[Supplied data Boundary: Start]

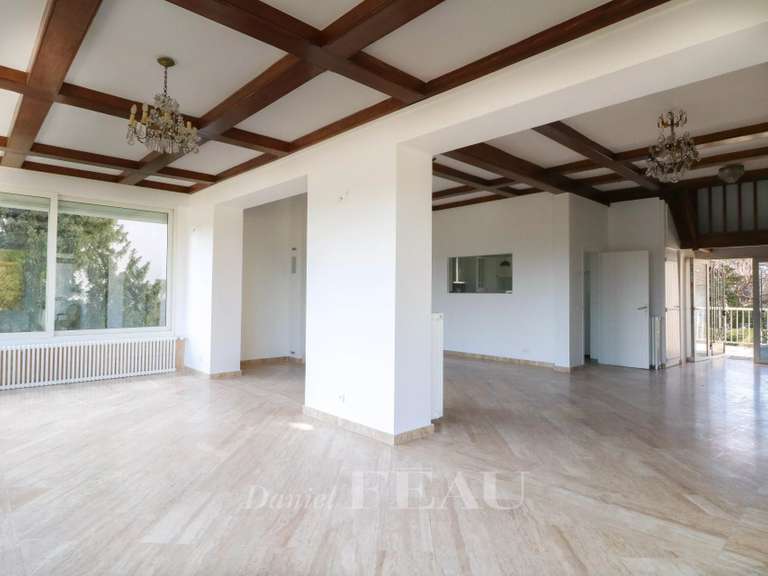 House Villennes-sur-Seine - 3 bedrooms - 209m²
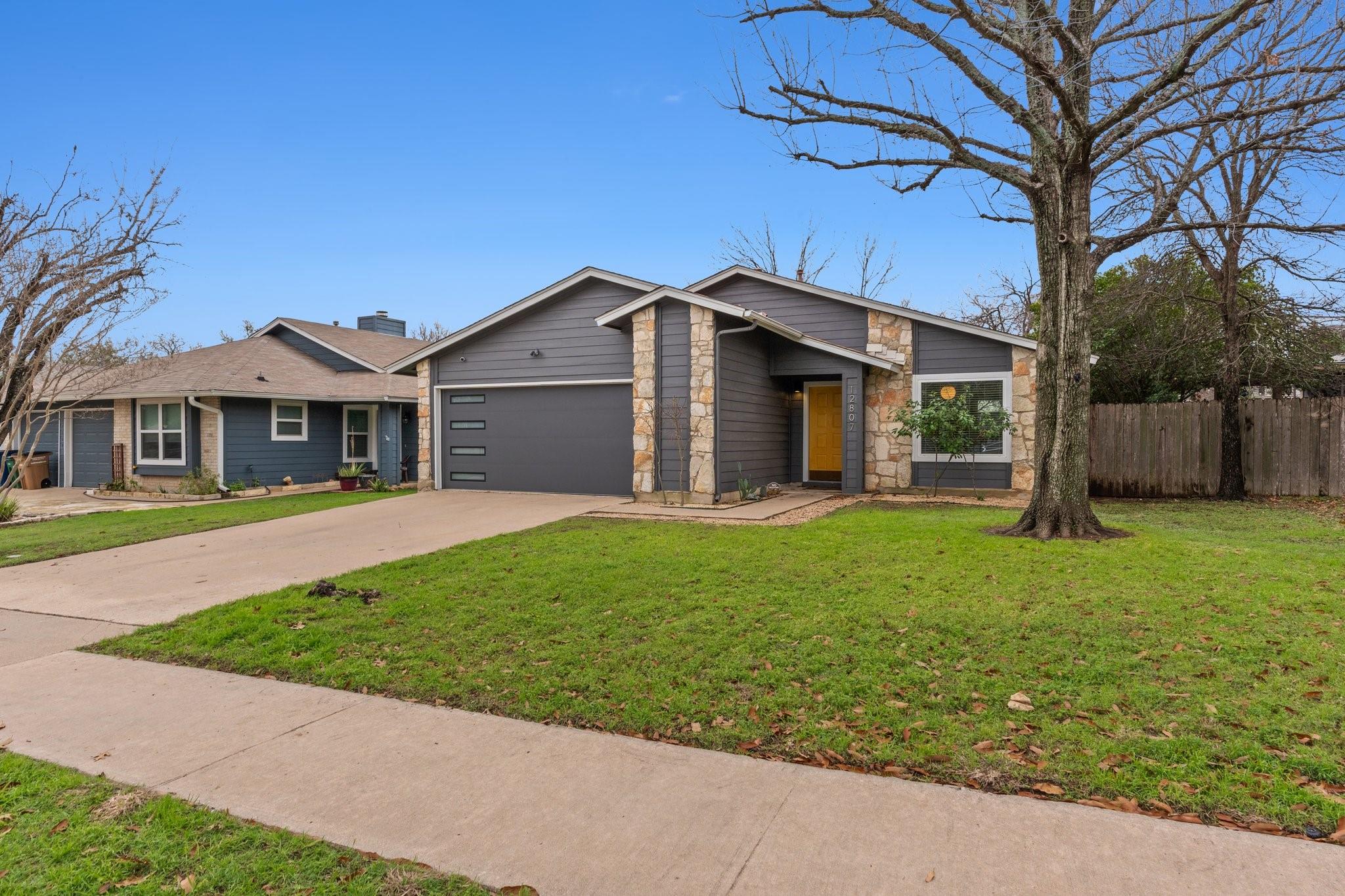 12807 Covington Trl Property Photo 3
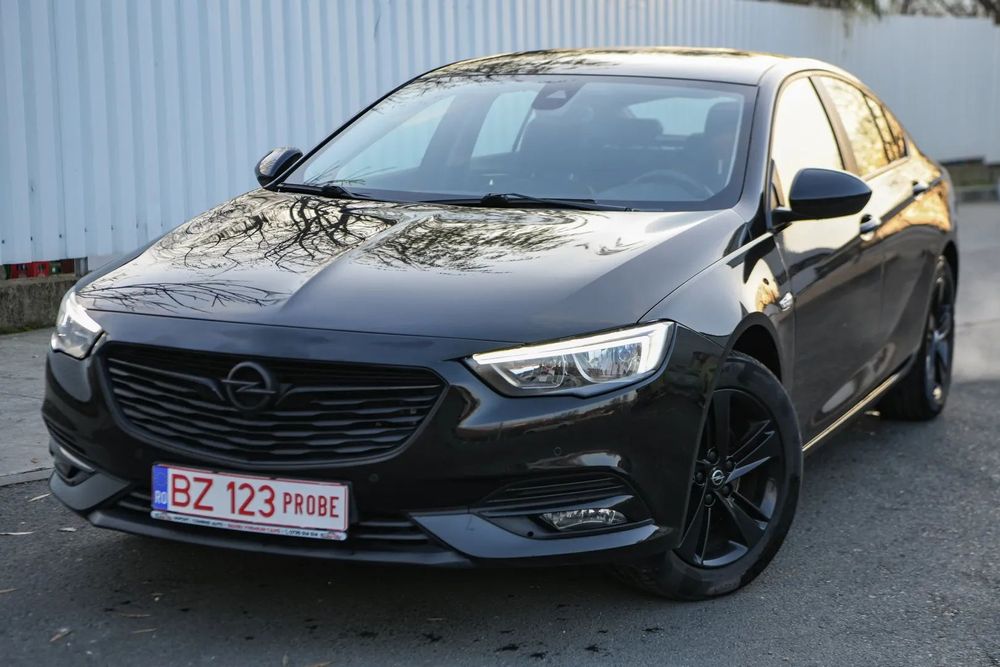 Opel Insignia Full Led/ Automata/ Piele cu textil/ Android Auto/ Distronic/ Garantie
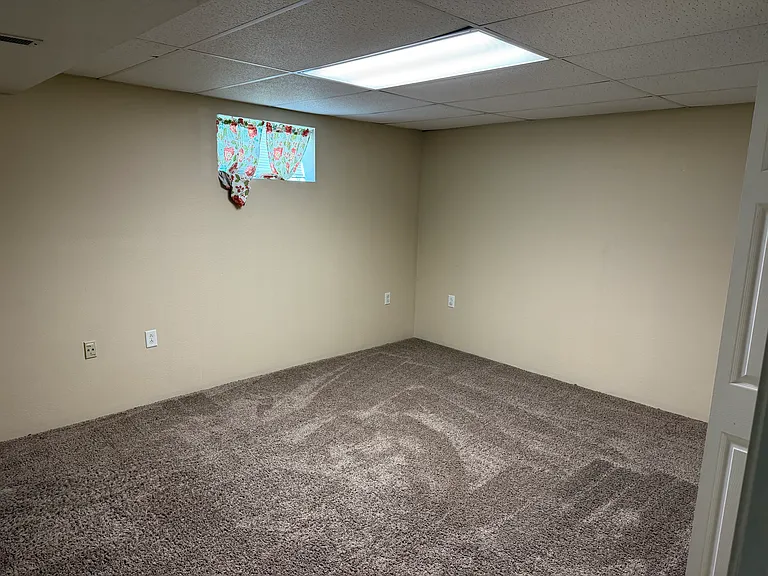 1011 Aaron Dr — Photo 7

[Supplied data Boundary: End]

## Exercise prompt
Your reply should restate the data above word for word and contain no pictures.

## Response to this exercise
 House Villennes-sur-Seine - 3 bedrooms - 209m²
 12807 Covington Trl Property Photo 3
 Opel Insignia Full Led/ Automata/ Piele cu textil/ Android Auto/ Distronic/ Garantie
 1011 Aaron Dr — Photo 7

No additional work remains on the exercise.